Now, I’m pleased to say that my father is in no pain, but he is losing weight and becoming weaker by the day. His worst problem is the difficulty he has breathing. It makes talking a herculean task. Being unable to care for himself he is now receiving palliative care in a nursing home. My mother, although physically quite robust, is not able to take care of herself either, and she is now in the same home—not necessarily the blessing it might seem at first sight, but that’s another story, which will probably never be told.
So my mind has been on other things.
One of the things I have realised is how easy it is to slip into a ‘getting through’ mode of being. The last four weeks have needed to be gotten through rather than lived. I just needed to get through the task of finding an apartment... Through the battle with Telstra... Through the emotional hardship of facing my father. I just have to get through this weekend, not just facing my father, but facing my mother who can [he says with some restraint] be a difficult woman.
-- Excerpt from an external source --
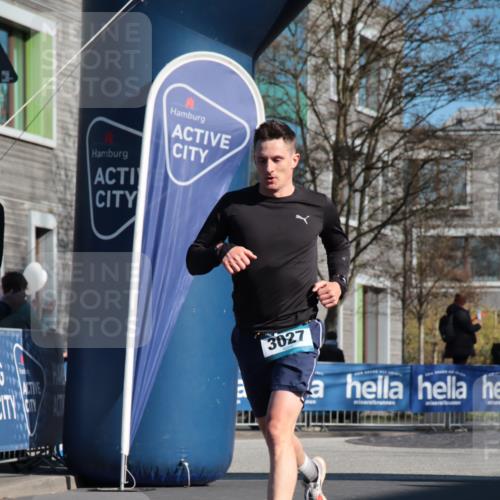 06.04.2025 - 44. Internationalen Wilhelmsburger Insellauf A. Gomolzig http://msf.ph/oto/7580466 06.04.2025 10:19:07 Ziel 3027, 3103 meine-sportfotos.de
I would not want this ‘getting through’ to become habitual, to form the consistent pattern of my life, or become my overriding attitude to life. Life is to be lived, not endured.
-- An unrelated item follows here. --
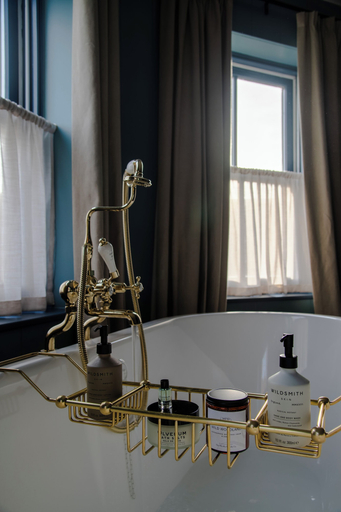 Bathroom 5, Saltmoore, North Yorkshire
Despite my father’s poor prognosis, and despite his obvious physical difficulties, he is in good spirits. He is facing the situation with dignity, courage and even humour. Of course there is fear, and sometimes humiliation, when nurses have to assist him when he goes to the toilet; but he is facing up to these fears and humiliations, and talking about them. In short, he is being heroic. My father has not lived a ‘great’ life. In many ways, from the ouotside, it seems like a rather small, insignificant life. But he is a big man within that small life. I have always suspected this, and I suppose there have been moments when I (and probably he) might wondered what and who he might have been in different circumstances. But now some of that greatness of spirit is shining through for the world to see.
I realised as I prepared to fly down to Adelaide that there was a chance he could even die before I got here. He could still die this weekend. Even if he doesn’t, this might well be my last chance to see him. I wanted to say something to him, without embarrassing him, without becoming too mushy and emotional. I wanted to say to him that the things I like about myself, the things I consider to be my true strengths... These things I owe to him.
I had the chance to say it, and for that I am thankful.